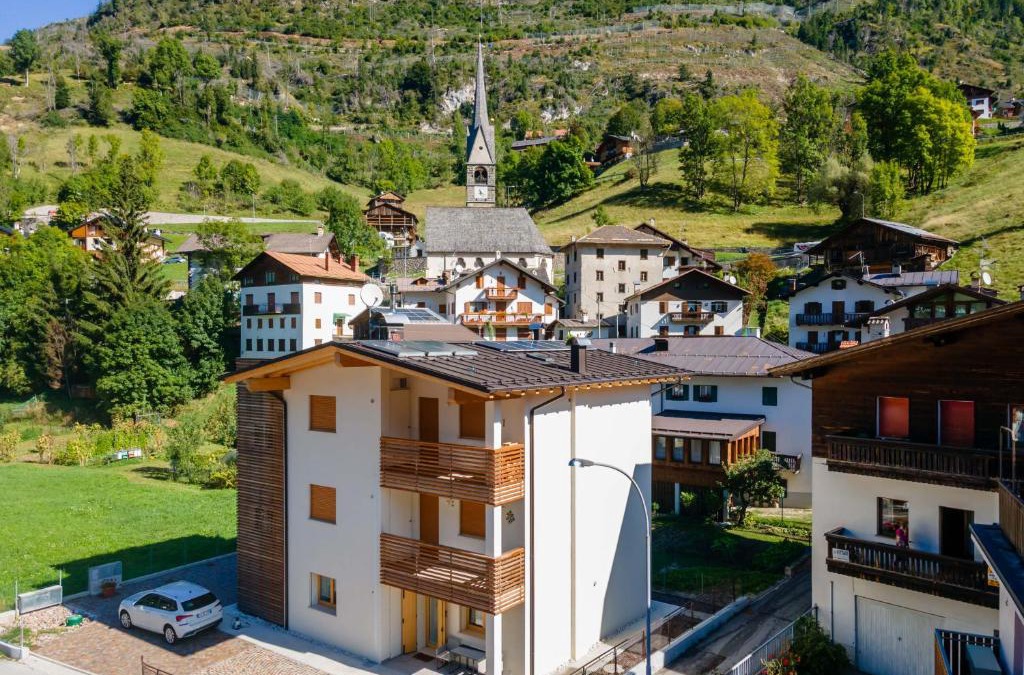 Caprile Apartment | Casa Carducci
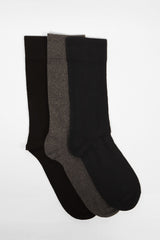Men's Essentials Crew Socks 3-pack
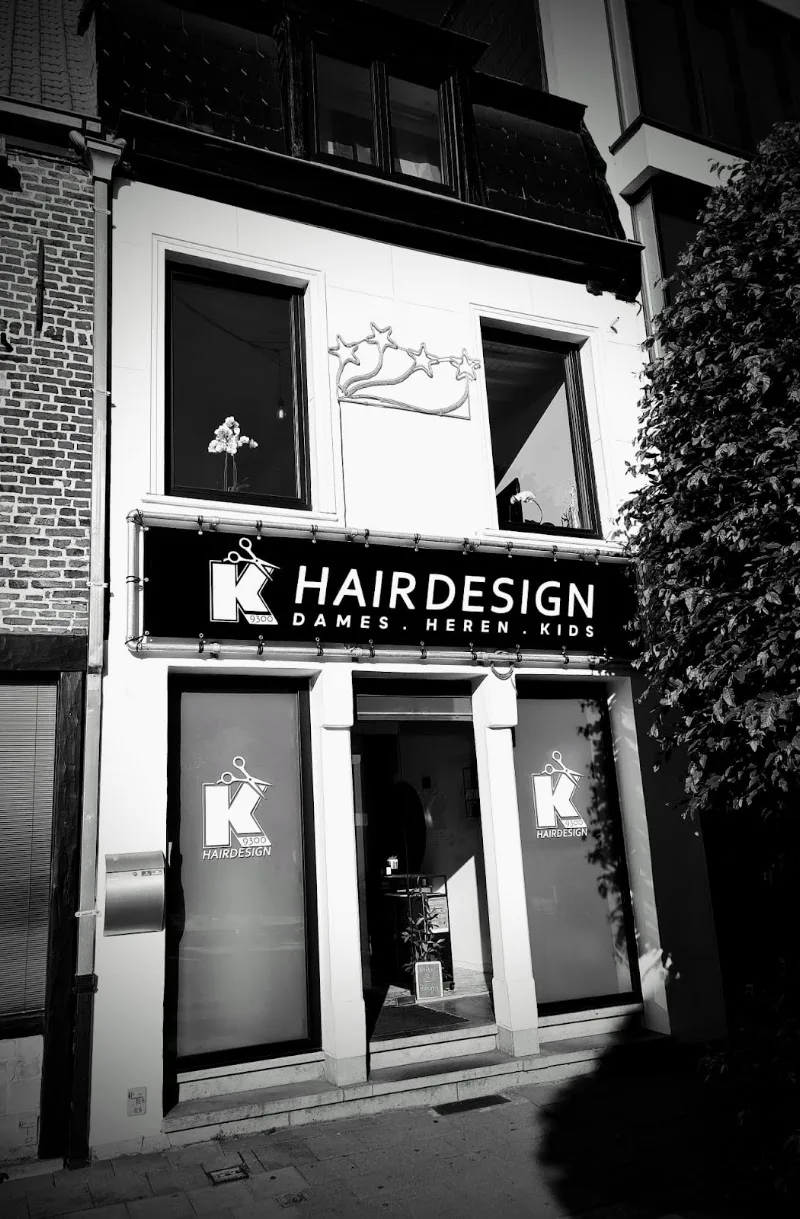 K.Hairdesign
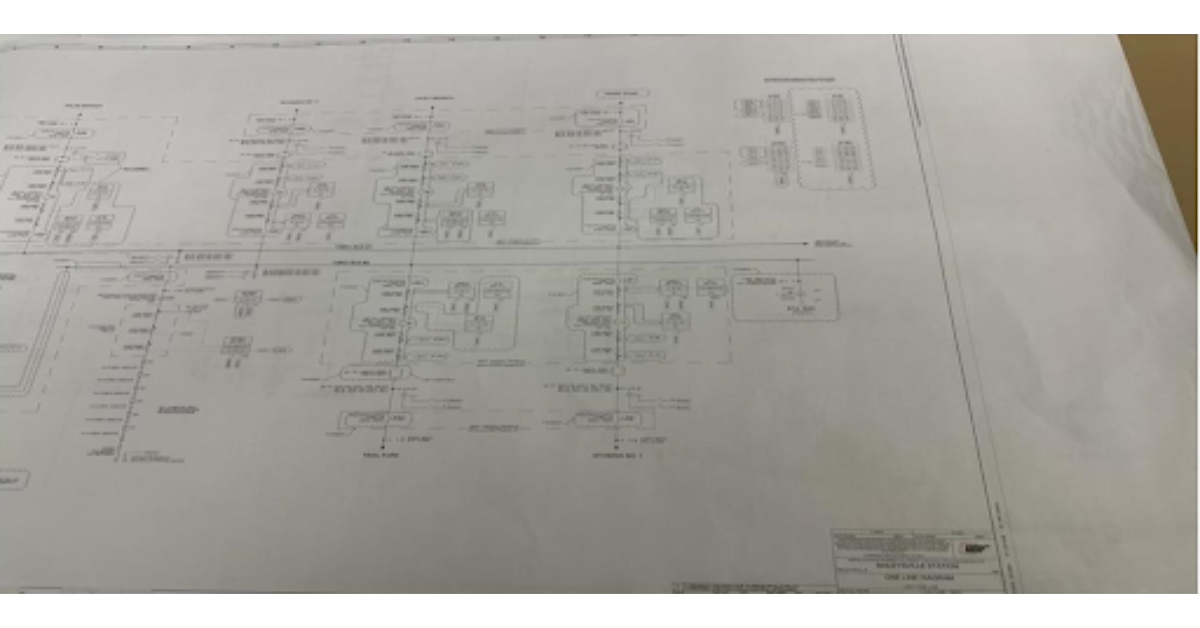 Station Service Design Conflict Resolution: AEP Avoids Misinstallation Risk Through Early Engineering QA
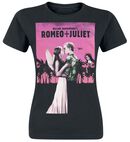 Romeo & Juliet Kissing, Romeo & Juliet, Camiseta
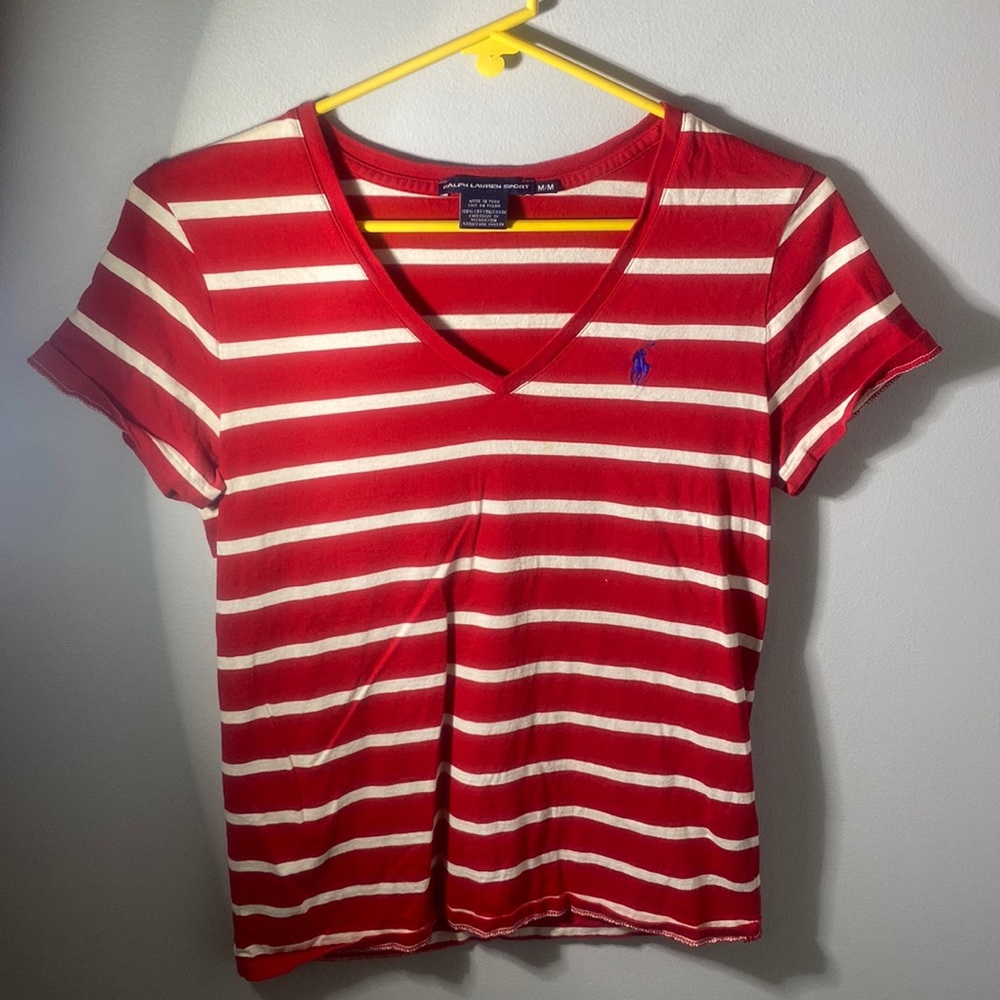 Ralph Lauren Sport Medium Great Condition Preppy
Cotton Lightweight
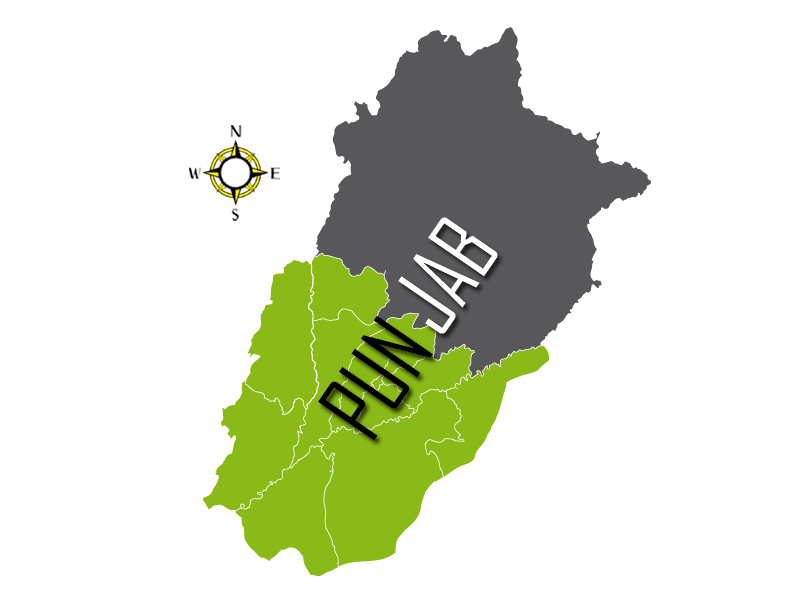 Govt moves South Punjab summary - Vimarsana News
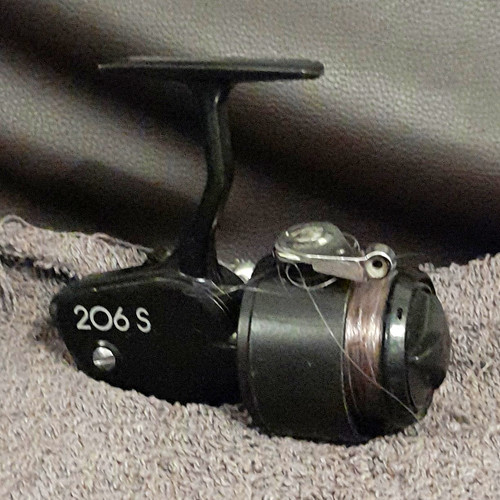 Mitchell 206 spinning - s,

* AIM OF THE EXERCISE: Retype all of the material above precisely as it reads. Pictures are not part of the copy.

* TASK RESULT:
 Caprile Apartment | Casa Carducci
Men's Essentials Crew Socks 3-pack
 K.Hairdesign
 Station Service Design Conflict Resolution: AEP Avoids Misinstallation Risk Through Early Engineering QA
 Romeo & Juliet Kissing, Romeo & Juliet, Camiseta
 Ralph Lauren Sport Medium Great Condition Preppy
Cotton Lightweight
 Govt moves South Punjab summary - Vimarsana News
 Mitchell 206 spinning - s,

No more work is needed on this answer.